From Whitney to Kaden: I stuck by my transgender partner through his transition
I first noticed my boyfriend in December 2016 at a Christmas party at Q Nightclub in Regina. He had the bluest eyes and the kindest looking face.
A mutual friend introduced us, calling him "Whitney." It wasn't exactly the name I was expecting, considering this person seemed masculine to me. The name Whitney just didn't seem to fit. But she was cute and we exchanged numbers anyway.
We really got to know each other over the next few weeks. At the time, Whitney lived in Edmonton, so we would see each other some weekends, but we would spend most of our time texting and talking on Facetime. By February, things were getting pretty intense.
One night, Whitney finally came out and told me: she's female-to-male transgender, actually goes by the name Kaden (Kade), and prefers he/him pronouns. Turns out Kade had been in the process of figuring out his identity when we met and although he was out to some people, he had been afraid to tell me.

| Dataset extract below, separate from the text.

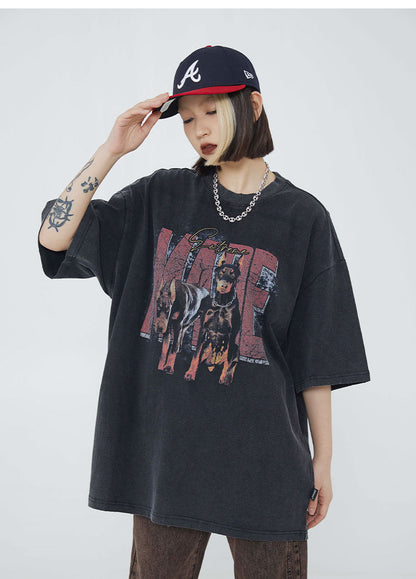 Women’s Doberman Graphic T-Shirt – Vi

I wasn't shocked, really, but I could tell this had been weighing on Kade for some time.
I accepted this change with open arms. It really didn't seem like that big of a deal.
And it wasn't.
But I also naively thought it wouldn't really affect me. I figured this was something that Kade was going through and I just needed to be there for him as a strong and supportive partner.

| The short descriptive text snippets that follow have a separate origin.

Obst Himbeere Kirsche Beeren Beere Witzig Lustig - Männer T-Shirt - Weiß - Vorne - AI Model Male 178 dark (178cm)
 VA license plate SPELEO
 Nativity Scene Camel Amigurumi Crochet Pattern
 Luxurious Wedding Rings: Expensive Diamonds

While the idea of Kade transitioning made sense as he didn't seem like a "girl" to me anyway, it was still a change I would need to get used to. It wasn't even the relationship between Kade and I that changed; it was the rest of the world that made things hard for me.

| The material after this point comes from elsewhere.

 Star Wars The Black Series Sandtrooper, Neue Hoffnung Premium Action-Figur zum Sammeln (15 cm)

I had to change my language when talking to friends, family and coworkers. Anybody who knew of "Whitney" now had to know of "Kade" instead. It was a very personal, very uncomfortable and very scary conversation to have.
My immediate friends and family were wonderfully accepting and loving, for the most part, but the rest of the world wasn't so kind. I found myself constantly being drilled about what it means to be transgender; whether Kade had had any surgeries; what this means about my identity; and blunt questions like, "So does he have a penis then or what?"
I love Kade so much and I felt like I was exposing him for people to judge. It was a terrible feeling. I found myself defending him and his decision to transition to nosy people I barely knew.
At first it wasn't so bad. I was passionate and ready to fight anyone who was going to speak poorly about Kade or transgender people in general.
Kade opened my eyes up to a beautiful community of people blossoming into who they were always supposed to be.
But eventually, the whole experience started wearing on me. I had processing I needed to do on my own.
I tried really hard to seek help. I remember staying up all night on Google, trying to find someone else in the world who was in my situation; someone else who could help me navigate these difficult conversations; and someone to talk to about all the changes that were happening with Kade's mind and body. I was disappointed by a visit to a LGBT-specific therapist in Regina.
It was a strange feeling because I had the most supportive partner in the world lying right beside me but I still felt so lonely.
It's been about two years since Kade came out as transgender to me and about a year and a half since he started testosterone. There have been a few minor changes (both physical and mental) but the biggest changes are the positive ones I see in Kade.
He is so much happier and so much more comfortable in his own skin. He no longer takes drastic precautions to try to hide his birth sex from people or the fact that he is transgender. If anything, he now embraces his feminine side more than he ever has before.
Dating Kade is neat in that sense, because I now have a masculine and handsome boyfriend who spent the first 21 years of his life as a woman, so he also feels like a sweet and loving "girl" best friend. I always tell my friends: dating someone like Kade is the best of both worlds!